Nach § 159 Abs. 1 Nr. 1 SGG kann das Landessozialgericht durch Urteil die angefochtene Entscheidung aufheben und die Sache an das Sozialgericht zurückverweisen, wenn dieses die Klage abgewiesen hat, ohne in der Sache selbst zu entscheiden. Diese Voraussetzungen sind im vorliegenden Fall erfüllt.
Das ihm durch § 159 Abs. 1 SGG eingeräumte Ermessen übt der Senat dahin aus, dass er den Rechtsstreit an das Sozialgericht zurückverweist.

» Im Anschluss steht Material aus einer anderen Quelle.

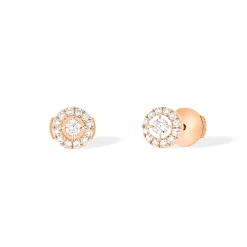 Boucles d'oreilles Diamant Or Rose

Bei der Ermessensausübung im Rahmen von § 159 Abs. 1 SGG hat das Landessozialgericht das Interesse der Beteiligten an einem möglichst baldigen Verfahrensabschluss einerseits und ihr Interesse, keine Instanz zu verlieren, andererseits zu würdigen (BeckOGK/Sommer, Stand: 1.5.2021, SGG § 159 Rn. 16). Berücksichtigt werden darf insoweit die Arbeitsbelastung der ersten und zweiten Instanz, die Bedeutung des Verfahrensfehlers, prozessökonomische Gesichtspunkte, der Wille der Beteiligten, aber auch, ob das erstinstanzliches Verfahren überhaupt Grundlage für das Berufungsverfahren sein kann (vgl. insgesamt Sommer a.a.O.; Keller in: Meyer-Ladewig/Keller/Leitherer/Schmidt, Sozialgerichtsgesetz, 13. Auflage, § 159 Rn. 5).
Nach diesem Maßstab sprechen nach Auffassung des Senats die gewichtigeren Gründe für eine Zurückverweisung, insbesondere das Interesse der Klägerin, keine Instanz zu verlieren. Zudem ist der Umfang der erforderlichen Amtsermittlung völlig offen (§ 103 SGG). Schließlich bejaht der Senat den Ausnahmefall einer Zurückverweisung auch im Hinblick auf die kurze Dauer des Berufungsverfahrens von unter vier Monaten und den ausdrücklichen Zurückverweisungsantrag der Klägerin.
Die Kostenentscheidung bleibt dem Sozialgericht vorbehalten (Keller, a.a.O., § 159, Rn. 5f).
Die Revision wird nicht zugelassen, weil Gründe hierfür (§ 160 Abs. 2 SGG) nicht vorliegen.